Engaging in The North Face's mission to explore seemed to be in the cards for Mai. Like many of us, Mai was familiar with the brand's effective coolness factor. "I remember running home and telling my mom that I needed a Jester Backpack because my cousin had one as well, and it's similar to the other stories, I wanted to be like my older cousin (laughs) so my mom ended up getting me one." But there's also the incentive to showcase the importance of stepping away from the phone screens and into leafy green forests.

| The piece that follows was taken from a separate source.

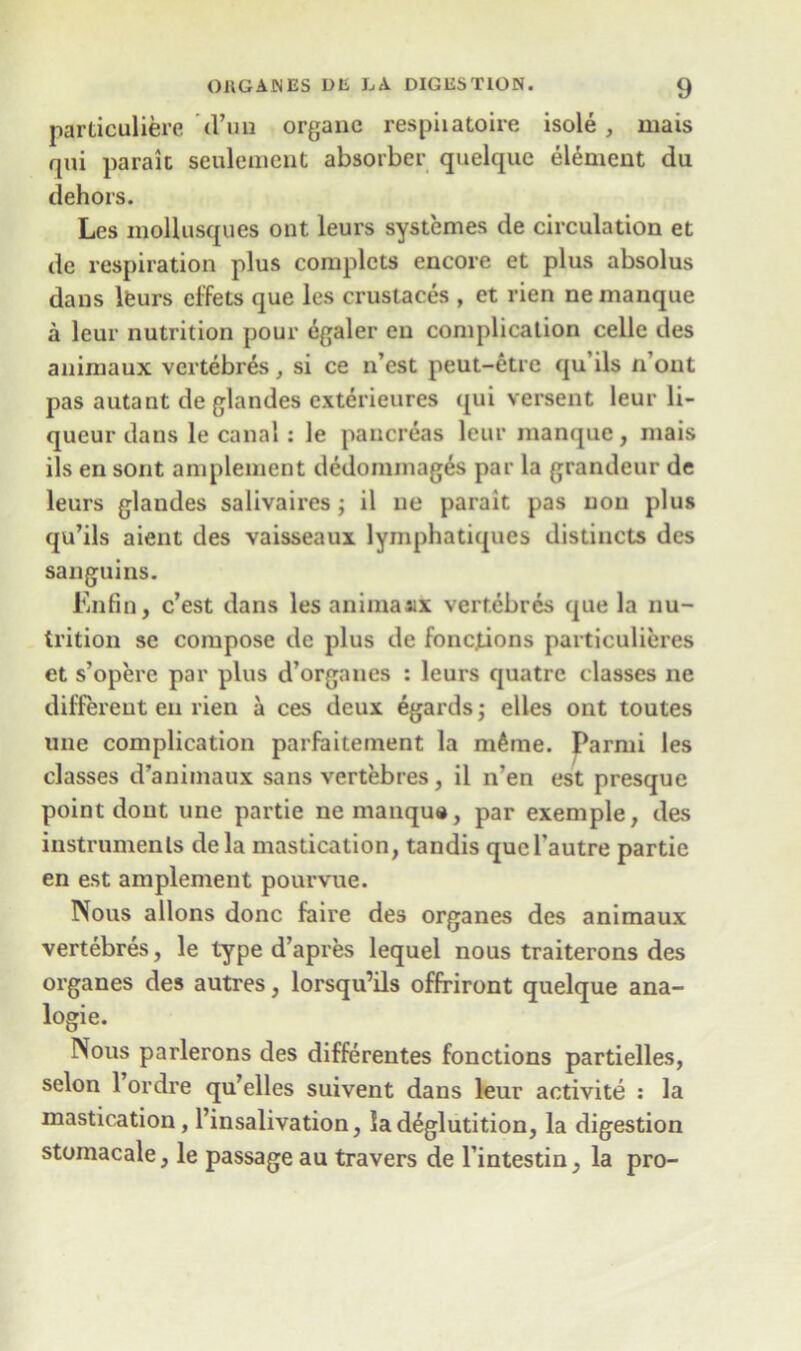 particuliere d’un organe respiiatoire isole , mais qui parait seulement absorber quelque element du dehors. Les inollusques out leurs systemes de circulation et de respiration plus complcts encore et plus absolus dans leurs effets que les crustaces , et rien ne manque a leur nutrition pour egaler en complication celle des animaux vertebres, si ce n’est peut-etre qu ils n out pas autant de glandes exterieures qui versent leur li- queur dans le canal : le pancreas leur manque, mais ils en sont amplement dedommag^s par la grandeur de leurs glaudes salivaires; il ne parait pas non plus qu’ils aient des vaisseaux lymphatiques distincts des sanguins. Enfin, c’est dans les animaaix vertebres que la nu- trition sc compose de plus de foncjions particulieres et s’opere par plus d’organes : leurs quatrc classes ne different en rien a ces deux egards; elles ont toutes une complication parfaitement la ni^rne. Parmi les classes d’animaux sans vertebres, il n’en est presque point dont une partie ne manque, par exemple, des instruments de la mastication, tandis qucl’autre partie en est amplement pourvue. Nous allons done faire des organes des animaux vertebres, le type d’apres lequel nous traiterons des organes des autres, lorsqu’ils offriront quelque ana- logic. Nous parlerons des differentes fonctions partielles, selon 1 ordre qu’elles suivent dans leur activite : la mastication, l’insalivation, la deglutition, la digestion stoinacale, le passage au travers de l’intestin, la pro-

"I'm such a live-in-the-moment person," she says of her lack of identity on social media. While she might share a thought or two on social media, Mai is interested in appreciating the world around her. "I feel like everyone is so consumed about documenting the day, you don't really get to live the day. You just watch it back but I like to have the memories in my head. Of course, sometimes, I'll take out my phone but I try to live in the moment as much as possible."

Part of that mission is ensuring Earth Day is celebrated the right way. With the support of Mai, Richardson, and Dimayuga, The North Face officially launched a petition to make Earth Day a national holiday.

“The North Face is no stranger to exploration and this Earth Day we are proud to join our partners and fellow explorers in a global effort to make Earth Day a national holiday,” said Global General Manager of Lifestyle at The North Face, Tim Bantle. “We believe that when people take time to appreciate the Earth, they feel more connected to it and are more likely to protect it. Explore Mode urges us to unplug from our digital lives to connect in real life to the world, each other, and ourselves in the effort to move the world forward.”

Mai hasn't hit her all of her exploration goals just yet. "I really want to go to Indonesia or Bali," she said. "That's one of my Bucket List places I really, really, really wanna go." For her essentials, the singer knows she has to bring along a windbreaker set and of course, a jester backpack. "I think the backpack is the most important thing."

In addition to a few trips around the globe, one destination includes the studio for new music. While she hasn't had time to lock down a moment to record, the inspiration is sizzling.

"When I work in the studio, I like to be like there for a good amount of time," she explains. "I like to block off two to three weeks at a time, I don't like to go to different studios and different places, it's just a comfort thing but I'm very excited to get back cause I have a lot of talk about. I've seen so many different places and met so many new people and a lot that I didn't get to experience last year."